In the 18 years that Nick & Sam’s has been in business, the bar has gained quite the reputation for being a celebrity hotspot. Can you elaborate?
We’ve had everyone in this bar from Tony Romo to Jimmy Kimmel to Matthew McConaughey to Jaime Foxx. You know, anyone who’s anyone and is coming into this town, or any big-name celebrities, always come to this bar. Which I like. And then our managers, especially Sunny our bar manager here, there’s not enough tables for her to manage the requests. Everybody wants to do a reservation in the bar, but we have so many regulars that we have to have a table for.
So, like, the corner table there, in front of the Ace of Spades cellar, is normally the Cowboys table. That’s either Tony (when he was with us), or Dez or whoever it might be. That’s kind of their table.
I remember having dinner in here with George Clooney and Rande Gerber and Tommy Armour, who’s a professional golfer who lived here in town. I mean, the amount of attention George Clooney was receiving, and this was 10, 13 years ago when Ocean’s Eleven came out. This was in the height of his career. You would have thought one of the Beatles were here. That’s how crazy it was.
We’ve had The Black Eyed Peas in here with Fergie and all of them.
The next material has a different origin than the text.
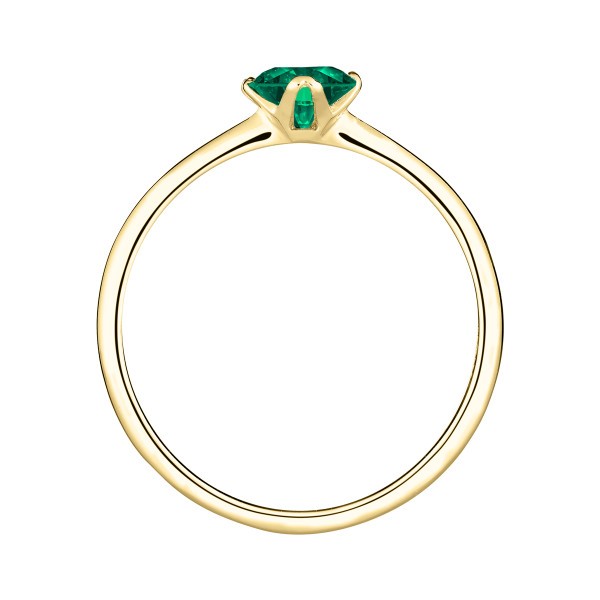 Solitaire Lepage Idylle en or jaune et émeraude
Dirk normally likes to sit in the dining room. He’s different. He doesn’t need the whole show and things—very understated. I don’t know, we’ve had so many. I’ll never forget the Super Bowl here. We upset a lot of A-list celebrities because there were times we just didn’t have room for them.
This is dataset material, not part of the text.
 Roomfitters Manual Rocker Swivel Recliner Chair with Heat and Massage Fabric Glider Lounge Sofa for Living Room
We’ve also been very, very good at allowing them to have their privacy. This is an exceptional conversation, just talking about the bar, it’s been 20 years, about what we’ve had here. But any time we have a real big VIP come here, we never say a word.
Is there anything special that you do when celebrities come to visit?
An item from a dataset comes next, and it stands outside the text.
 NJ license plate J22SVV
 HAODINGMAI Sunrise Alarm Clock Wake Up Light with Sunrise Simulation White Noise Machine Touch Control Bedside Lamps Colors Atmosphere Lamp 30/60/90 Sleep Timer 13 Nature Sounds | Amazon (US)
We have such an extensive wine cellar with celebrity-signed bottles given to me or to our staff. That’s been fun. We’ve rearranged them a little bit. When they come in we want to make sure that their names are the first on display.
It’s funny, depending on the level of success of the athlete, is how we determine the wine that’s given to them to sign. That’s a little personal fun thing, you know? ’79 Opus is the first year of Opus, so I had Jerry West sign it. Jerry West is the insignia still of the NBA. Jerry West has to be on the ’79 Opus. It’s fun.
Are the bottles a private collection?
Yeah, they’re not for the guests. But, gosh, we must have hundreds of thousands of dollars [of wine]. We have Shaquille O’Neal, we have all the Cowboys. Anyone who’s someone has signed bottles…you take all these signatures and the value of them. And then our art, you take this room alone, we have $100,000 in art.
Is it all stuff that you were personally drawn to?
Yeah. I just thought it would be well received. It’s a little different from the average steakhouse. What I’m going to keep doing is buying different pieces. And you know what, they go up in value. You know, Steve Wynn put all those Picasso paintings in when he did the Bellagio. So I’m like the poor man’s version of Steve Wynn.